Humanity has historically used humor to relieve all kinds of anxiety, no matter how great or existential. The Fundamental Problem would soon be turned into comedy by expert humorists around the world. Eventually, decades later, people would laugh when told about the Fundamental Problem. It was a perfect kind of dark comedy: so dark, that when physicists theorized that unknown matter and energy were the causes of the Problem, they called them dark matter and dark energy, respectively.

One hundred different cinematographers produced one hundred and one different films depicting catastrophes caused by the Fundamental Problem, creatively dramatizing them as intense and passionate comedic drama thrillers starring the world's most famous actors of the time. Award categories would be created for this specific type of film, because of the unfair advantage it had over other genres of production.

Singers who traditionally sang about love, now sang about the Fundamental Problem. Music was no longer listened to feel emotions, but rather to avoid them, especially the negative ones. Guitars were now heavily distorted to represent the distortion of meaning that people experienced when dark humor was absent from their lives.

The successful literary careers of ten writers would change after they published twelve non-comedic books about the Fundamental Problem in different languages and caused worldwide controversy for their lack of dark humor. Eventually, their careers would come to an end. It was not until millions of science activists created a movement against dark humor, that the Fundamental Problem could be seriously discussed again.

The end of this dark chapter in human history marked the beginning of a new age of light, in which hundreds of scientists throughout history would begin to try to push their minds beyond their material limits, risking their mental health to find solutions to the existential threat that people had once laughed at,

For decades, no amount of speculation could shine a light into the darkness of the Fundamental Problem, until the innovators came along with their sweat jars, bicycles, and unique minds, and saw things that no one else had ever seen before: they were the candles that humanity was in desperate need for. They eventually found new realms of darkness that their natural biological limitations kept them from exploring, for life is short for those who need it to last longer, and it's for the better.

Chapter 4. The black hole

The next generation of innovators, born as innovators from the ashes of blank paper in the labs they no longer felt part of, would shed light on new areas of the Fundamental Problem, in ways that even the original innovators never thought of. The seven new innovators were kicked out of their original labs for going too far. They wouldn't let their mediocre labs stop them from pursuing their dreams.

Contrary to popular belief, scientists have feelings too. The new innovators, with their stereotypical lab coats, and their social inadequacies, had noble goals, and were driven by pure and genuine love of humanity. Like the original innovators, solving the Fundamental Problem was not about fame. Their childlike curiosity and wild imaginations, not seen as age-appropriate by society, helped them advance humanity toward salvation.

The Ministry, as revolutionary as life on Earth after eons of fire and chaos, had earned its place in popular culture, becoming the kind of story worth reading to children at bedtime.
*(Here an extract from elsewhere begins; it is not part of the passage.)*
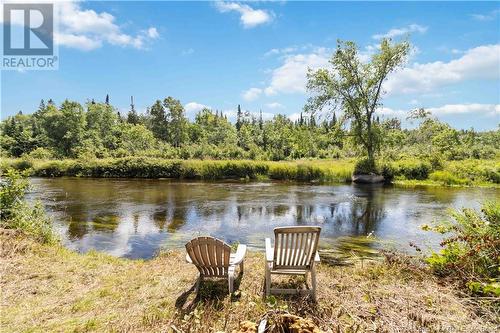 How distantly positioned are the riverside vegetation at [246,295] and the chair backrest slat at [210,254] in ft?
1.22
Millions of books were printed, schools around the world taught extensively about the Ministry and its accomplishments, and monuments were erected with the faces of the innovators in them, reminiscent of a mount that once existed; however, four of them would be destroyed by sociologists a few months after their inauguration.

The new innovators knew that there was only one place where they could possibly belong: the Ministry. Coming from different places and cultures, they all eventually found their way to the same place, and as dark matter would have it, they brought the Ministry back to life, picking up where their predecessors had left off.

First of all, they found several problems with the original particle accelerators, the main one being that dark energy was never taken into account in their designs. Days earlier, in a warm summer vacation at the beach, one of the innovators was trying to eat an ice pop that was as solid as a rock. He could only taste some of its flavor after exposing it directly to the sun for two minutes. This inspired him that day to suggest that perhaps dark matter could only be mutated when exposed directly to dark energy.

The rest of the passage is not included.